**Exercise**
Write the listing below out again word for word, without a single picture.

**Data**
== == ==

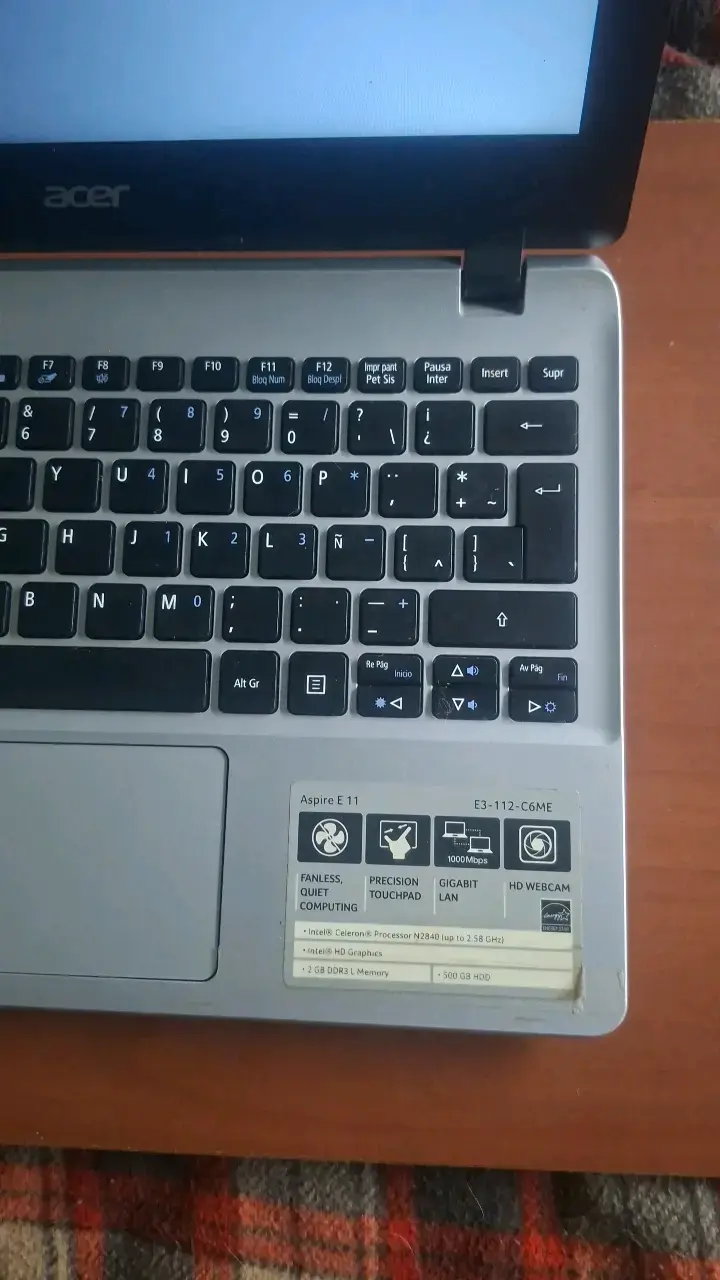 Notebook Acer Intel Core i3 usado - 5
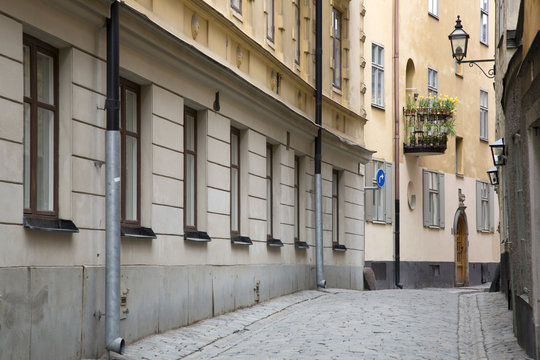 Street in Old Town, Stockholm; Sweden; Europe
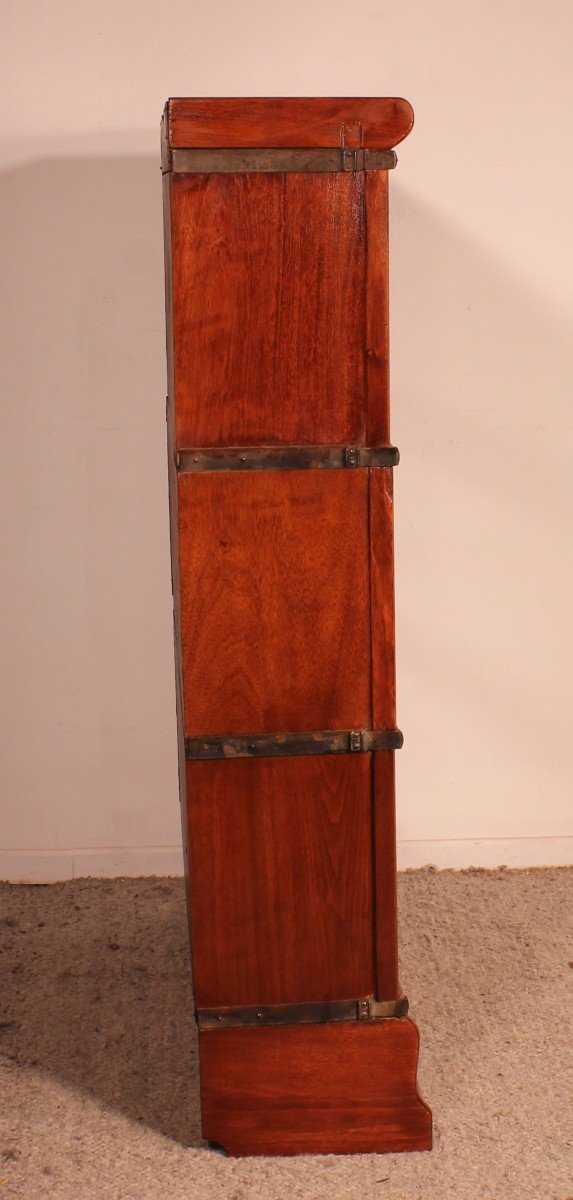 Globe Wernicke Bookcase In Mahogany Of 3 Elements-photo-2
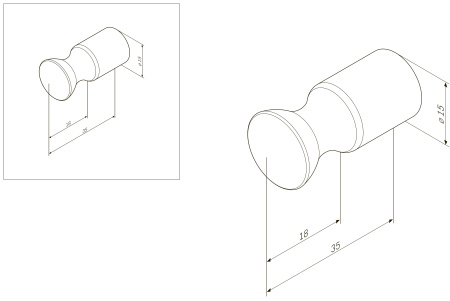 Крючок для полотенец Am.Pm Sensation A3035500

== == ==

**Answer to this task**
 Notebook Acer Intel Core i3 usado - 5
 Street in Old Town, Stockholm; Sweden; Europe
 Globe Wernicke Bookcase In Mahogany Of 3 Elements-photo-2
 Крючок для полотенец Am.Pm Sensation A3035500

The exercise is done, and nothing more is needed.